Research conducted by market analyst Game of Trades has delved into the divergence between Bitcoin and the S&P 500 over the past six months, as well as the inverse correlation between Bitcoin and the U.S. Dollar Index (DXY). The findings suggest that Bitcoin may be undervalued by as much as 50%, with a more accurate valuation potentially exceeding $120,000 to $140,000.
Historically, Bitcoin’s price movements have often mirrored those of the U.S. stock market during periods of economic optimism. This trend was evident during key phases of recovery: from the bottom in late 2018 to mid-2019, the surge from April 2020 to early 2021, and the rebound from the bear market in late 2022 to early 2024. These periods highlight Bitcoin’s correlation with U.S. equities, especially during bullish cycles.
A common misconception among investors is that Bitcoin’s upward trajectory is inevitably linked to rising equity markets, while a downturn in equities is almost always accompanied by a decline in Bitcoin’s value. While it is true that Bitcoin often lags in rallying behind a rising stock market, the overall gains made by Bitcoin have historically outpaced those of major U.S. indices.
The six-month period of consolidation in Bitcoin’s price has provided an extended window of opportunity for investors who entered at the March highs to accumulate more assets during dips, effectively building stronger positions. The average cost of accumulation is estimated to be around $60,000, which could mark the foundational level for the next phase of upward movement.
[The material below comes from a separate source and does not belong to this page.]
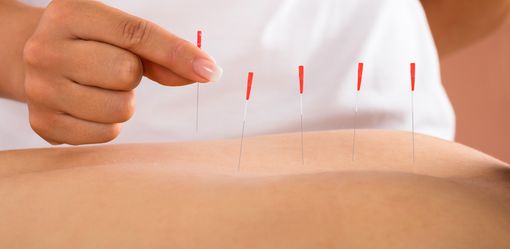 Apre all'ospedale di Circolo l'ambulatorio di agopuntura per i malati oncologici Apre all'ospedale di Circolo l'ambulatorio di agopuntura per i malati oncologici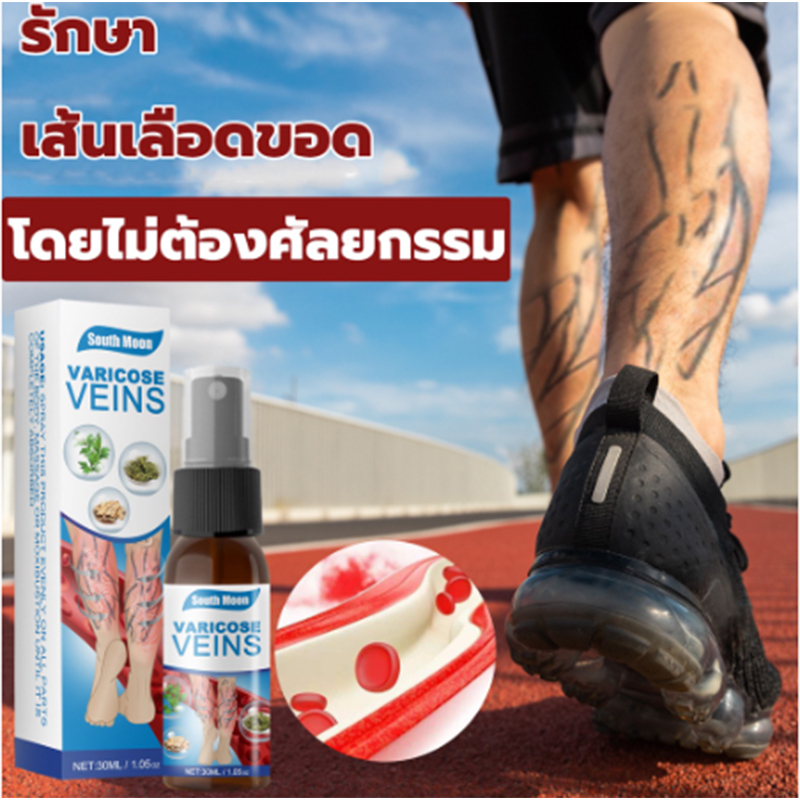 south-moon-สเปรย์เส้นเลือดขอด-30ml-บอกลาเส้นเลือดขอดเส้นเลือดดำอุดตันและอาการป-เส้นเลือดขอด-เส้นเลือดขาบวม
This potential rise is influenced by a fundamental driver: Bitcoin’s price is denominated in U.S. dollars, meaning that when the dollar weakens, Bitcoin’s nominal value effectively becomes a discount. This discount incentivizes non-U.S. investors to make purchases, driving up demand. This phenomenon highlights Bitcoin’s unique position as a global asset and a world currency, capitalizing on fluctuations in the strength of the dollar.
Bitcoin serves as a highly sensitive indicator of dollar weakness. Its historical performance reveals a consistent pattern of inverse correlation with the U.S. Dollar Index. For instance, as shown in historical data, the declines in DXY in 2013, 2017, 2020, and 2023 were all followed by notable surges in Bitcoin’s value, reinforcing its role as an asset of choice during periods of dollar depreciation.
With the Federal Reserve’s monetary policy leaning towards dovishness and the increasing signs of dollar weakness, Bitcoin could be poised for a significant breakout. Investors and market participants may find this juncture opportune for capitalizing on the undervalued status suggested by recent analyses. As traditional markets adapt to shifting economic conditions, Bitcoin continues to present itself as a viable alternative for those seeking returns beyond the constraints of national currencies and traditional assets.